Lena Horne made an appearance on the NBC hit series “Sanford and Son” in 1973. Though there are many star moments in her career, this clip shows the enormous pride and admiration of a generation for “The Horne” as my father called her: the first African American USA approved “pin up girl” during World War II, and the first African American to sign a long-term contract with a Hollywood studio. A great performer, and a great lady.

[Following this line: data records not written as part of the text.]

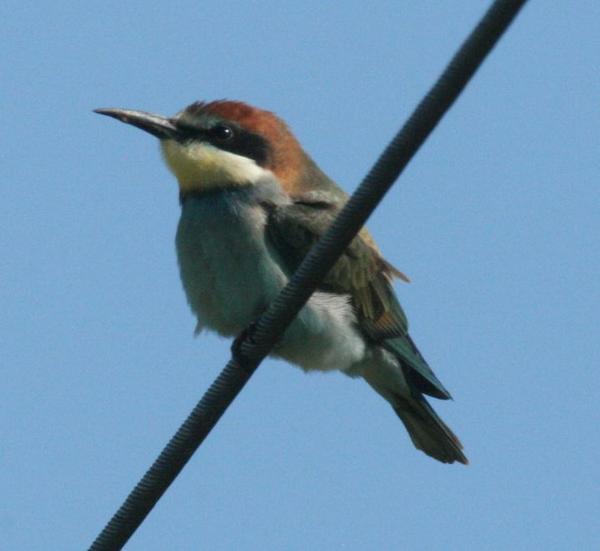 European Bee-eater European Bee-eater
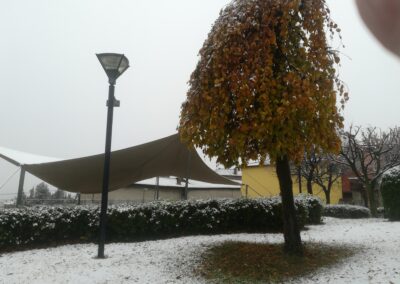 Natale 2020 - Foto esterne della Fondazione Rota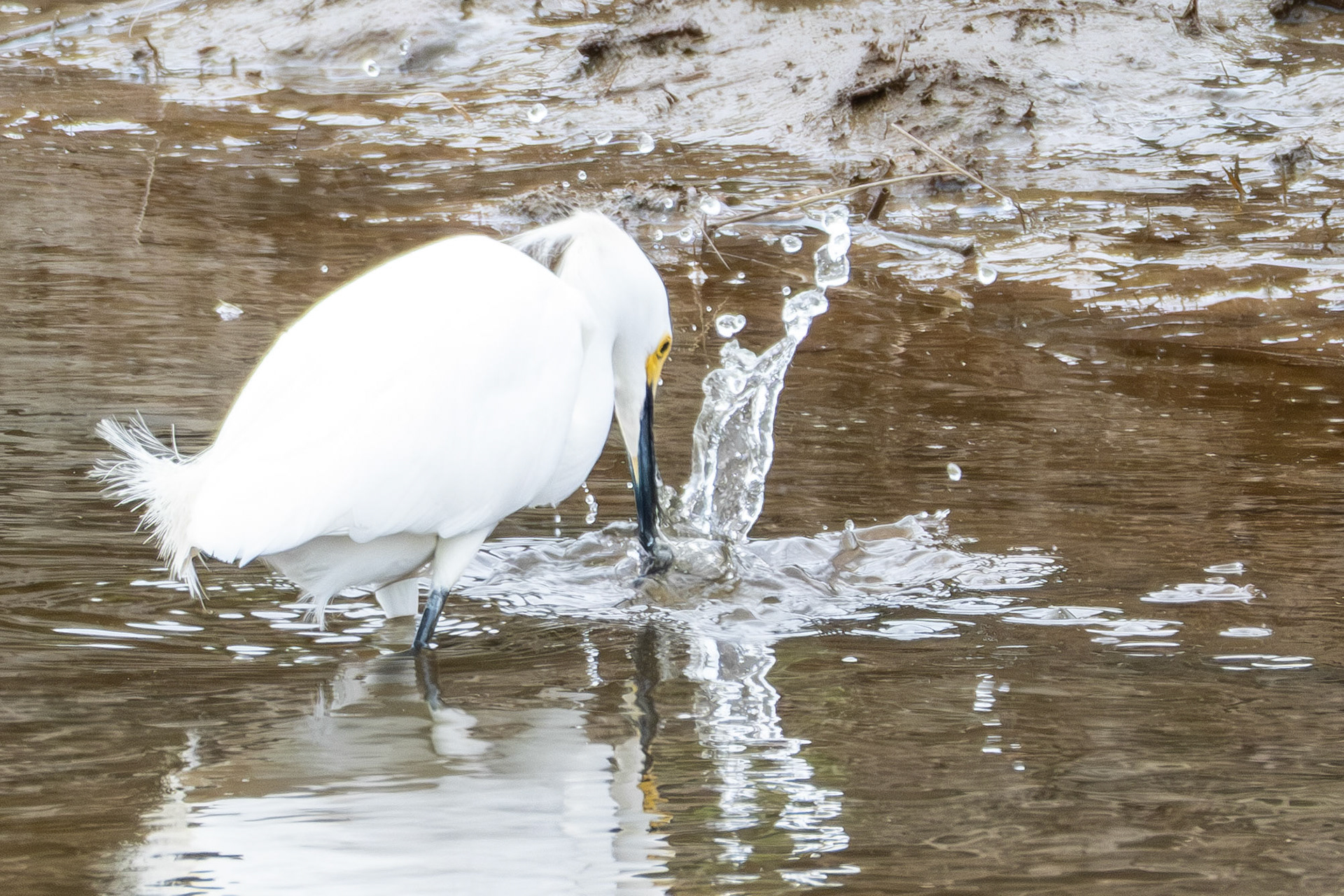 Snowy Egret Hunting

Lena Horne was born in Brooklyn, NY. Her daughter Gail Lumet Buckley wrote a history of 6 generations of the Horne family (The Hornes: An American Family) in 1986, providing context to the sparkle and personal and social turmoils of her mother’s rise to fame in Hollywood and the rest of segregated America. [I'm not sure if this book is still in print.] During the politically murky 1950s, Lena Horne managed to get her self on all the lists: black and red. Her career as an entertainer was considered “finished.” It would take years for Lena Horne to fine her true voice as she revealed to Ed Bradley in a “60 Minutes” interview. In the 1940s, her voice was described as “honeysuckle.” Not the blues or jazz. Just sweet, smooth, maybe a little dip here and there. But after Dinah Washington, Aretha Franklin, and being out of the limelight for a stretch, that all changed for Lena Horne. She described herself as a “late bloomer.” The late great journalist Ed Bradley tagged his “60 Mintues” interview with Lena Horne his favorite.
Lena Horne joined the ancestors Sunday, Mothers Day, in Manhattan. She was 92.